The military said yesterday's clash began when a unit of Marines investigated a report of militant activity in Laghman, a province in an opium-producing region about 60 miles east of the capital, Kabul.
Insurgents opened fire on the Marines with small arms and rocket-propelled grenades and then split into two groups, one of which fled to a village and the other to a cave on a nearby ridge, a military statement said.
"US Air Force A-10 aircraft engaged the insurgents in the cave and a squad of Marines went afterwards to assess the situation," the statement said. "The two Marines were killed while clearing the cave area."
Their names were withheld pending notification of next of kin.
"Two insurgents were confirmed killed and another 21 suspected dead," the military said. There was no word on any wounded from either side.
Militants opposed to the US-backed government of President Hamid Karzai have stepped up their three-year-old insurgency after the melt of the winter's snow, carrying out a string of assaults and bombings.
Sunday's deaths bring to 143 the number of American troops killed in and around Afghanistan since the start of Operation Enduring Freedom in 2001, according to US Defence Department statistics.
However, rebels have suffered massive casualties when American warplanes have caught them in large groups on open ground.
In the bloodiest fighting in nine months, US and Afghan forces including American warplanes clashed with bands of suspected insurgents in two southern provinces last week. Sixty-four rebels, nine Afghan soldiers and an Afghan policeman were reported killed, while six American troops were among the wounded.
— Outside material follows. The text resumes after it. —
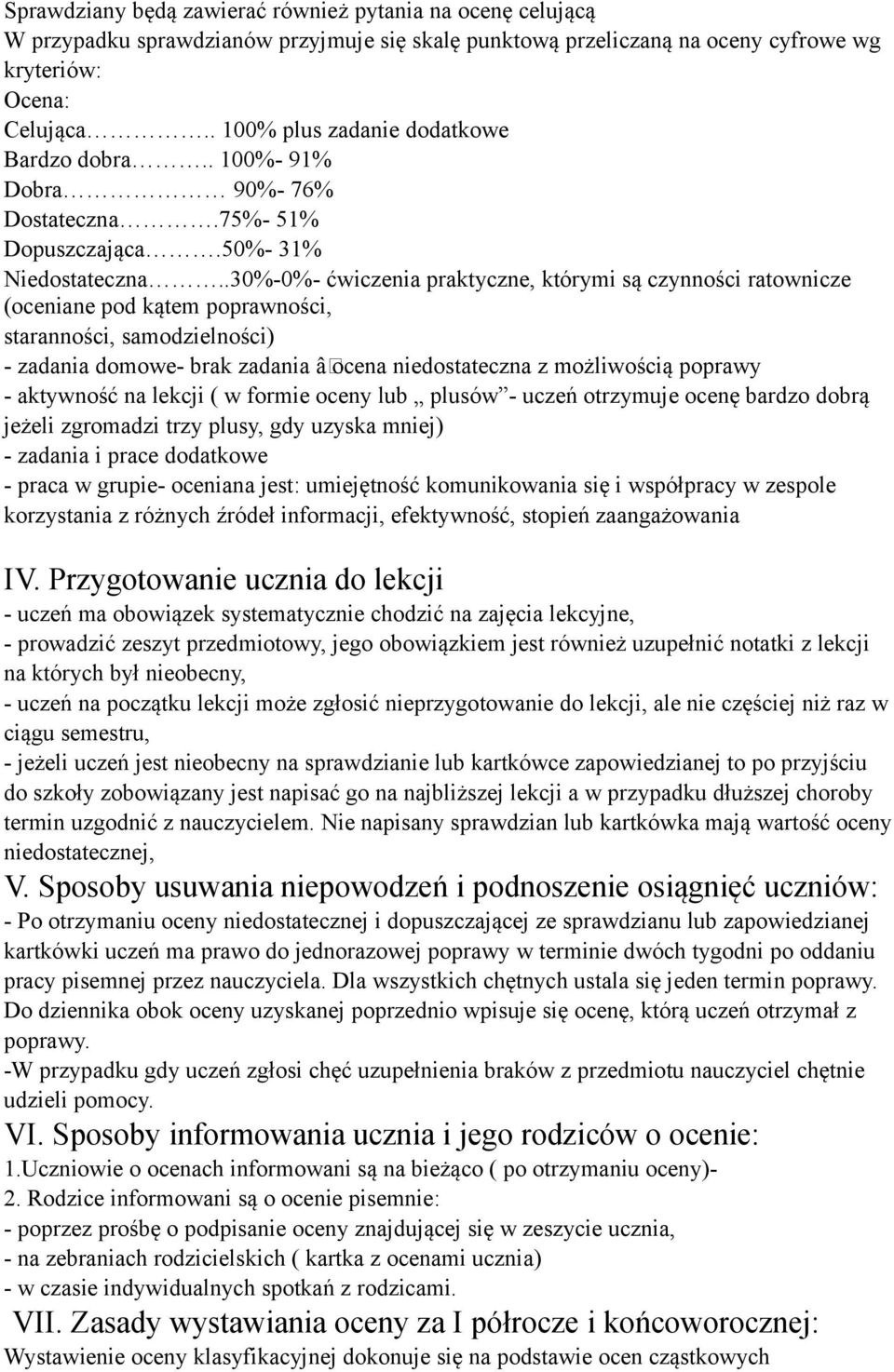 .30%-0%- ćwiczenia praktyczne, którymi są czynności ratownicze (oceniane pod kątem poprawności, staranności, samodzielności) - zadania domowe- brak zadania âocena niedostateczna z możliwością poprawy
American commanders insist they are grinding the insurgents down and persuading villagers in a belt of territory along the Pakistani border to stop sheltering them. They also suggest the 18,000-strong US-led force could be trimmed after September 18 parliamentary elections if a government reconciliation plan takes off.
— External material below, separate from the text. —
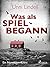 Was als Spiel begann - Ein Norwegen-Krimi by Unni Lindell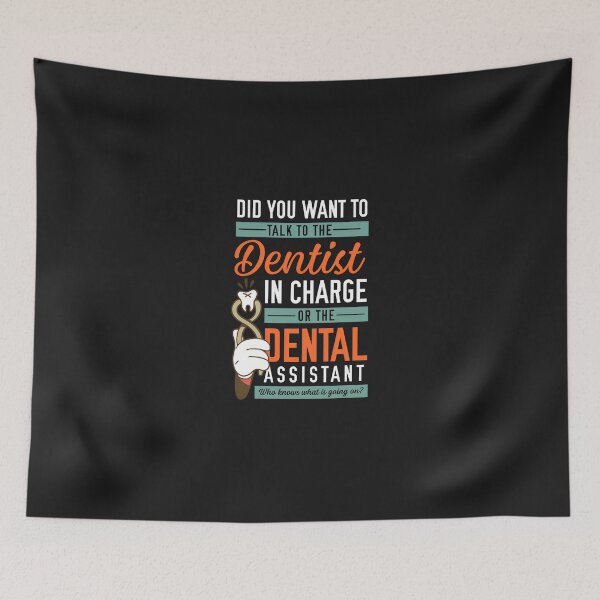 Item preview, Dentist In Charge Or Dental Assistant Who Knows designed and sold by zlezctata.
President Karzai and US officials have said the process should be open to all "non-criminal" Taliban and members of other militant groups. Officials say several dozens former fighters had come forward and would be accepted back into Afghan life.
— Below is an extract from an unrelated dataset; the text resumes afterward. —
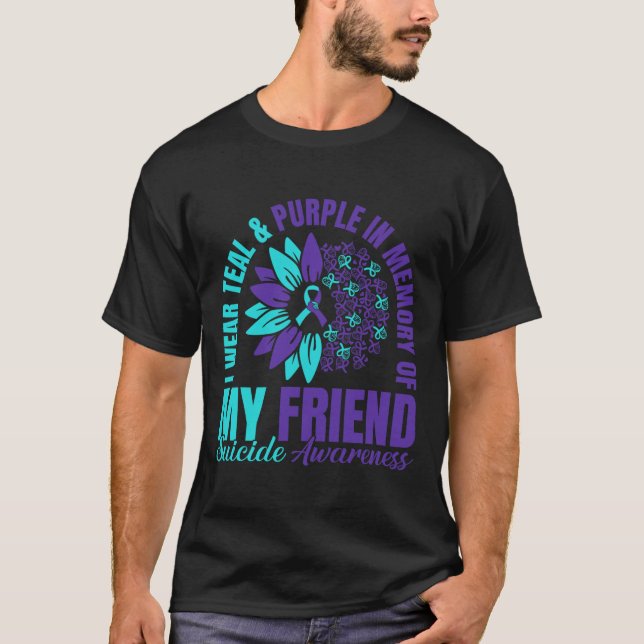I Wear Teal Purple In Memory Of My Friend Suicide  T-Shirt (Front)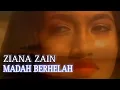 Download Lagu Ziana Zain - Madah Berhelah (Music Video)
But the head of a peace commission supposed to oversee the process said today the offer even covered Taliban leader Mullah Mohammed Omar and renegade former Premier Gulbuddin Hekmatyar, both wanted as terrorists by the US.
Sibghatullah Mujaddedi, a former Afghan president, said he would negotiate with any Afghans ready to lay down their arms and recognise Karzai and Afghanistan's new democratic constitution.
"Sometimes policies toward some people change, and this was the old policy toward Mullah Omar and Hekmatyar," Mujaddedi said at a news conference. "Our commission is independent and we want to deal with all individuals."
Mujaddedi said he had cleared his approach with the government, though officials in Karzai's office declined to comment.
US spokesman Colonel James Yonts said the military was studying his remarks, but suggested he had stepped out of line.
"Our position all along has been that those guilty of serious crimes must be responsible for their actions," Yonts told The Associated Press. "We believe the government of Afghanistan understands and supports that."
Mujaddedi said the commission didn't know where Omar and Hekmatyar were, but insisted the fugitives were growing tired of "fleeing from cave to cave."
"From what we understand, these two individuals regret fighting and are not interested in fighting any more," Mujaddedi said. "If they come and join the peace process, we will see what their conditions are. If they are acceptable for us and the government, we will accept them."
Separately, the US military said it had found no trace of a radio station which a purported Taliban spokesman claimed last month was broadcasting near the southern city of Kandahar.
"To date, we don't have any actionable intelligence that this radio station exists," spokeswoman Lieutenant Cindy Moore said.